* [SOURCE MATERIAL]
**********
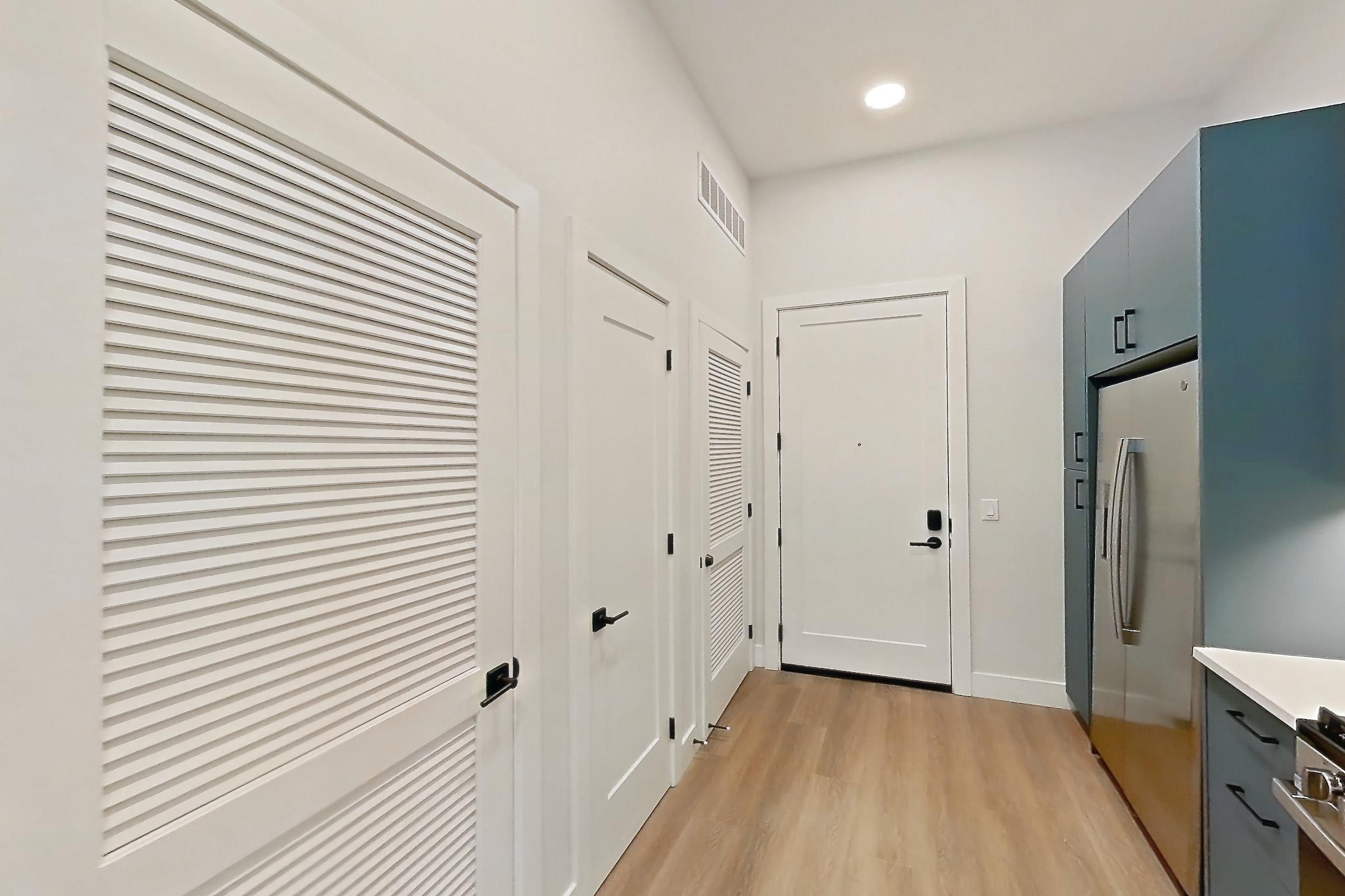 Kitchen with dishwasher, gas range, light countertops, light stone countertops, light wood-finish flooring, microwave, oven/range, and stainless steel appliances, Apartment 119 at Bria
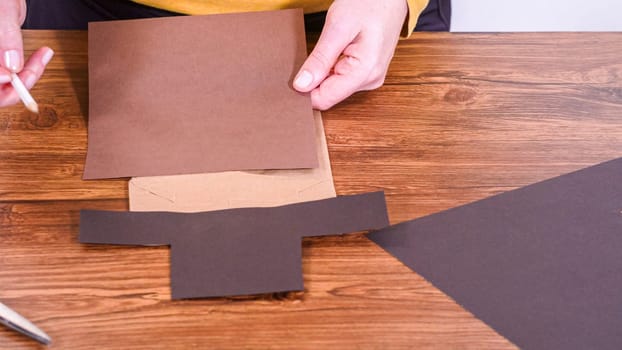 Step by step. Teacher guides online class through making a paper puppet from a brown bag, creatively using a wooden surface as a workspace.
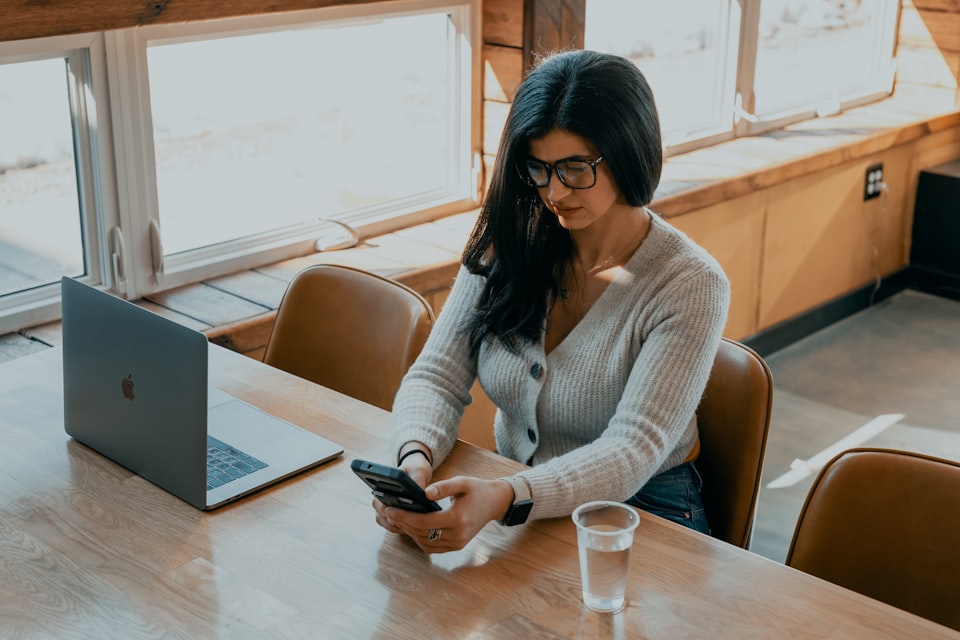 Woman typing on a phone while sitting at a table with a plastic cup of water and an open laptop.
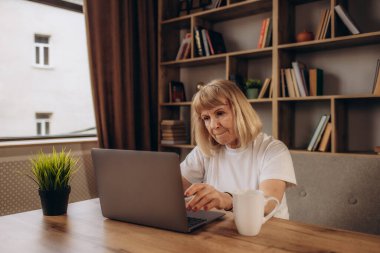 Orta yaş kıdemli kadın evde masada oturan mutlu bir yüz ayakta ve kendine güvenen bir gülümseme ile gülümseyen diş gösteren bilgisayar laptop kullanarak çalışma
**********
* [PROBLEM DETAILS] Take every line of the material and copy it exactly, leaving out the pictures.

* [TASK RESULT]
 Kitchen with dishwasher, gas range, light countertops, light stone countertops, light wood-finish flooring, microwave, oven/range, and stainless steel appliances, Apartment 119 at Bria
 Step by step. Teacher guides online class through making a paper puppet from a brown bag, creatively using a wooden surface as a workspace.
 Woman typing on a phone while sitting at a table with a plastic cup of water and an open laptop.
 Orta yaş kıdemli kadın evde masada oturan mutlu bir yüz ayakta ve kendine güvenen bir gülümseme ile gülümseyen diş gösteren bilgisayar laptop kullanarak çalışma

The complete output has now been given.